If by that you mean BrepFace that’s easy. If you mean any Brep (i.e. a collection of BrepFaces) … well … that’s a bit tricky. Better describe your goal/trade: are you in the AEC market sector and you want to create a “planar” quad envelope? are you an Artist ? And why you bother about some “as close as possible” Goal? (i.e. the OnMesh IGoal (*)) What’s the purpose? Who’s gonna notice any difference/deviation?

(*) in fact that’s complex: imagine a Surface/BrepFace that yields the Mesh to planarize … AND THEN the Surf or the Underlying Surf (case BrepFace) is expanded (N/S/E/W): that would be the " template" to follow (allows some freedom to that poor K2). But what happens if the template is closed in U/V? A strangle to death situation for sure UNLESS you add a IGoal that srinks a bit the Edges (trying to avoid the obvious). That does the edgeLengthF var (edges strink if is < 1) in the pics posted above.

With regard the simplest C# … I’ll have a look on what’s available soon (I’m not in the practice right now).

NOTE: K2 deals SOLELY with Patricles. Where they come from has no meaning (so to speak). The only thing that matters is the sum of IGoals and their values (if they are bananas > bananas is what you’ll get).

All these would been avoided if the Mesh was a good old tri-Mesh (I hate quads like my sins: hard to imagine why people like’m).

The Brep I’m starting with is a building (facade+top) that is originally a result of some optimization process.
So after the optimization, I need to be able to take this result and rationalize it into planar panels in order to be easier to fabricate. I’m also planning to fabricate a small prototype using a laser cutter machine.
If I couldn’t do it with the planar quad panels I will have to try the triangular panels.
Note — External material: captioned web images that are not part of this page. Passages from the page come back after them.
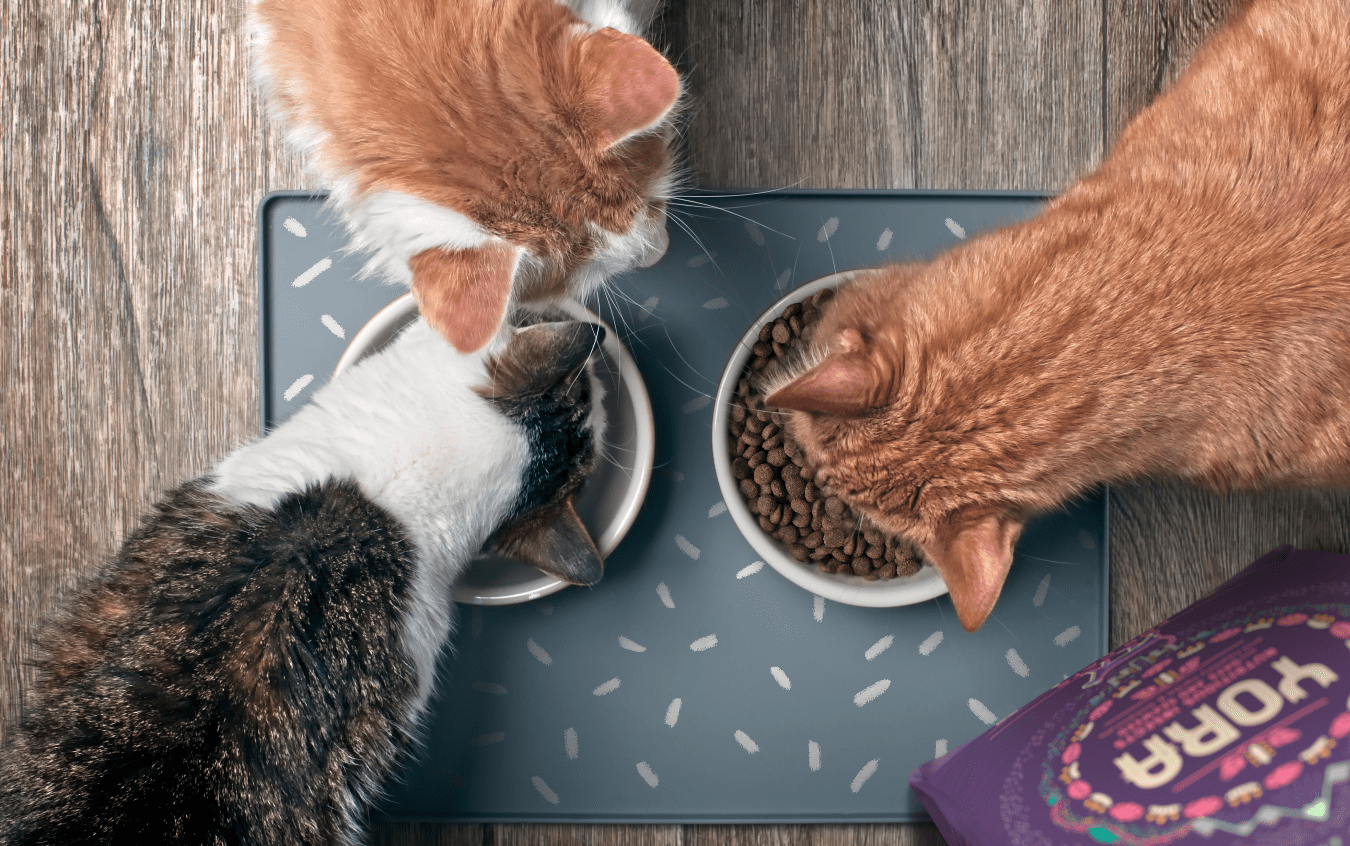 Yora launches first ever cat food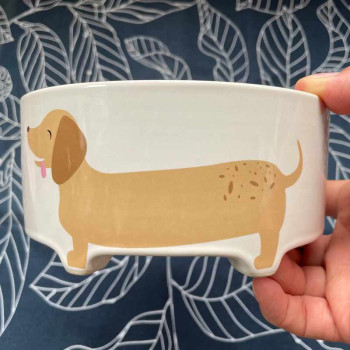 Ciotola in ceramica per cani e gatti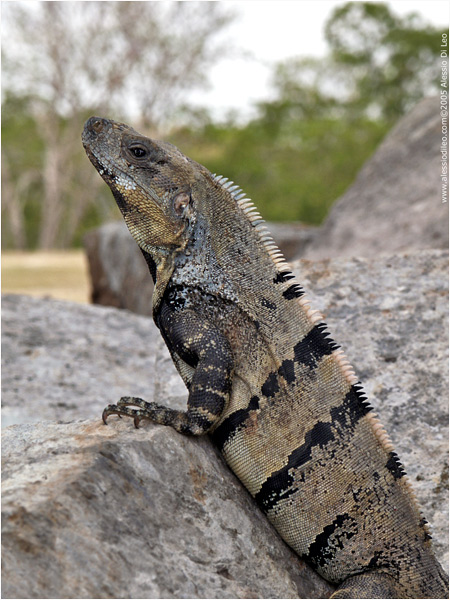 Iguana codaspinosa nera [Ctenosauras similis]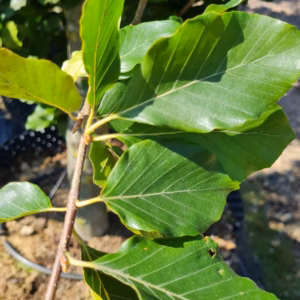 Fagus sylvatica 'Dawyck' buk pospolity 'Dawyck' (obw. pnia 18-20 cm)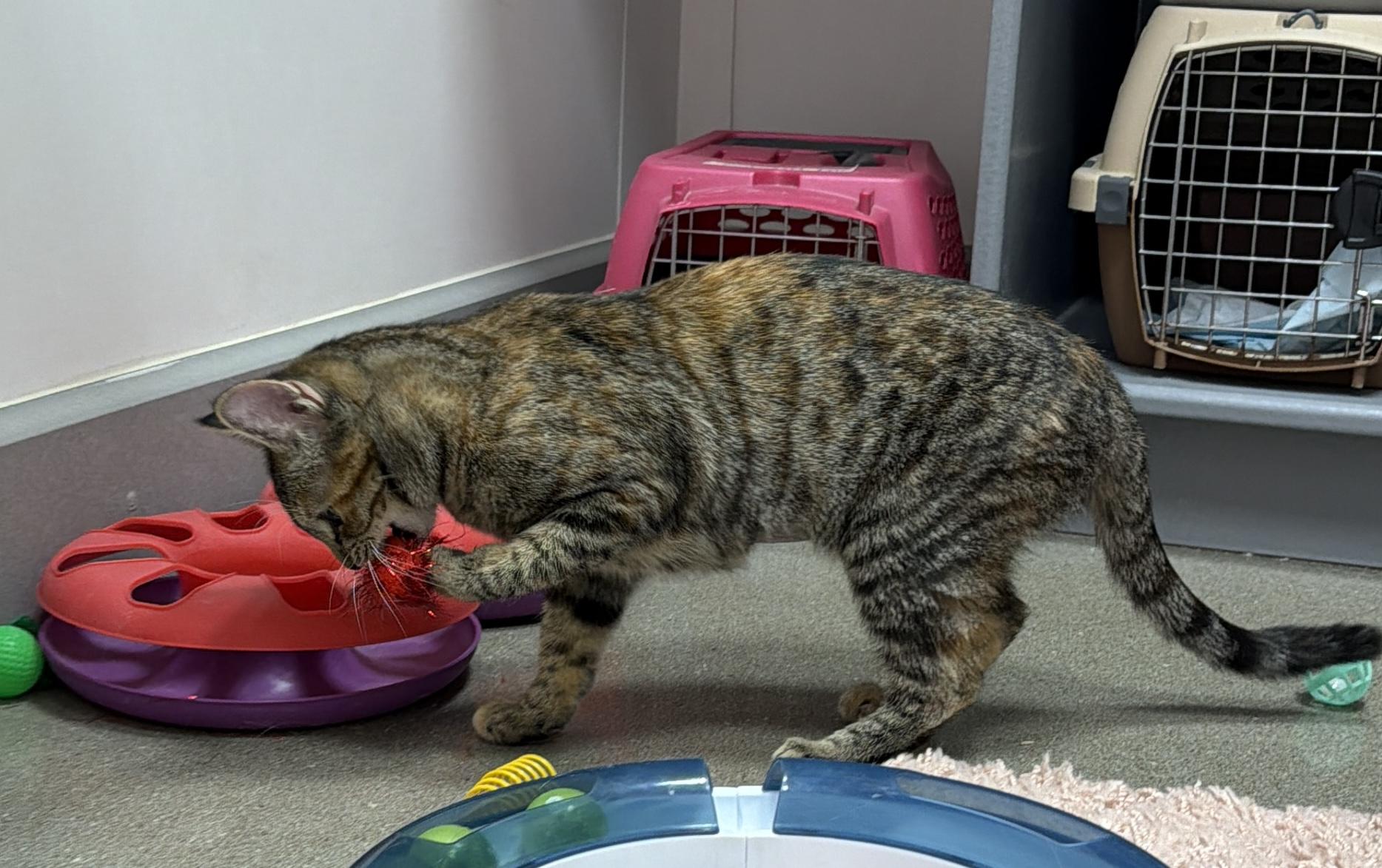 Enlarge Cheyenne, a ADOPTABLE Domestic Short Hair in Sedalia, MO image 3/4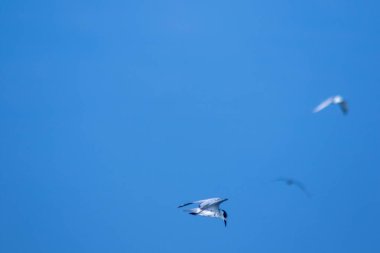 Küçük deniz feneri uçuyor, Küçük deniz kuşu da küçük bir deniz kuşu. Bilimsel adı Sternula albifrons, deniz kuşlarının bir türüdür..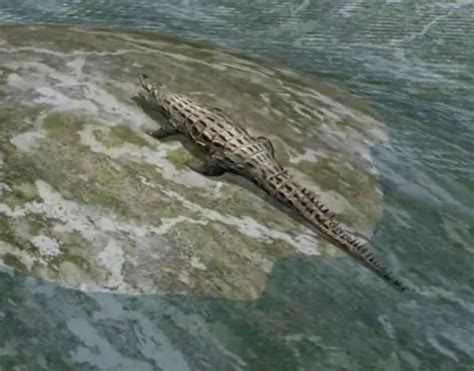 Welcome to Icon Technosys, 2D Animation Studio, Professional 2D ...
But I’m trying to reach a solution first.

Thanks

If you are an Engineer/Architect with some sort of rational thinking:

1. Do some rational building. You can’t optimize logical requests into a Blob (you know that … but you try to convince yourself that’s trendy/acceptable/whatever).
2. If you insist mastermind an envelope (YAS style) that is FAR and AWAY from the skin. Provide some fake excuse for that (like: saving the polar bears because … blah, blah). If the building is in China/UAE/etc … skip the excuses.
3. AVOID anything other than triads. Most notably if you have some sort of W Truss in mind (kinda YAS but with thickness).

Bad news: Quads are a very expensive chimera (you’ll discover that sooner or later when you’ll become a pro [and you are on-site]).

Good news: Obviously lot’s of people like’m > more expensive > bigger (by far) design fees > elementary my dear Watson.